On the first of these measures, Health Education England has increased capacity for GP training with the aim of recruiting 3,250 trainees to GP training programmes each year from 2016/17. This appears to have had some impact, with the number of people starting GP training up 9 per cent between 2015 and 2016, although it remained narrowly below target. In addition, in 2016/17 NHS England launched a new scheme for former GPs to encourage them to return to practice; 370 doctors are currently participating in the scheme, and around 75 have already re-entered the workforce. Further action includes an overseas recruitment drive; this began in early 2017.

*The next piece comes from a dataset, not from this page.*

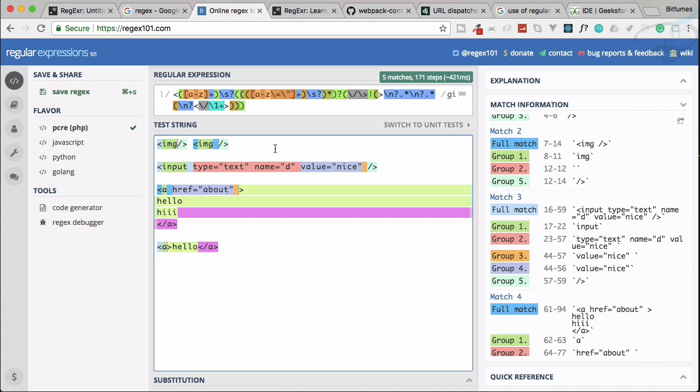The regular expressions are not connected to only a single language. It's even itself is a language and this is a very useful thing. So share these videos with your friends and don't forget to like. Follow us on Facebook, Twitter, Instagram, and we will meet in the next episode. Till then, goodbye.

On the second measure – retention of existing GPs – NHS England has established initiatives to provide advice, flexibility and financial support to GPs nearing retirement. These were launched this year so it is too early to assess whether they are having an impact. Other measures to encourage GPs to remain in the profession include establishing a service providing support to GPs and GP trainees with mental health difficulties and an additional £30 million investment from NHS England in 2016/17 to help practices meet the rising costs of indemnity cover, which protects GPs from clinical negligence claims.

In 2016, there were 34,495 full-time equivalent GPs (including locum doctors). Rather than an increase, this represented a fall of 96 GPs, or 0.3 per cent of the GP workforce, compared with the previous year1. This was due to a growing number of GPs retiring or leaving practice; between 2005 and 2014 the proportion of GPs aged 55 to 64 leaving the profession approximately doubled. Surveys have also shown the number of GPs expecting to leave direct patient care in the next five years has increased.

The King’s Fund view

Given that the number of GPs fell slightly in 2016, the actions taken to deliver 5,000 more GPs by 2020 will need to be significantly more successful in the next few years for this pledge to be met.

  • 1. Changes in 2015 to how data on GPs is collected means it is not possible to robustly compare with earlier years.